- [Dataset section]
---

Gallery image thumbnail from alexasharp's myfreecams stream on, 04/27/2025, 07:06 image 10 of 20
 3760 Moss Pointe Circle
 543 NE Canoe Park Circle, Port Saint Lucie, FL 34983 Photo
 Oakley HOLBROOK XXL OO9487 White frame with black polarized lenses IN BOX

---

Please copy out the data above exactly.

- [Your solution]
Gallery image thumbnail from alexasharp's myfreecams stream on, 04/27/2025, 07:06 image 10 of 20
 3760 Moss Pointe Circle
 543 NE Canoe Park Circle, Port Saint Lucie, FL 34983 Photo
 Oakley HOLBROOK XXL OO9487 White frame with black polarized lenses IN BOX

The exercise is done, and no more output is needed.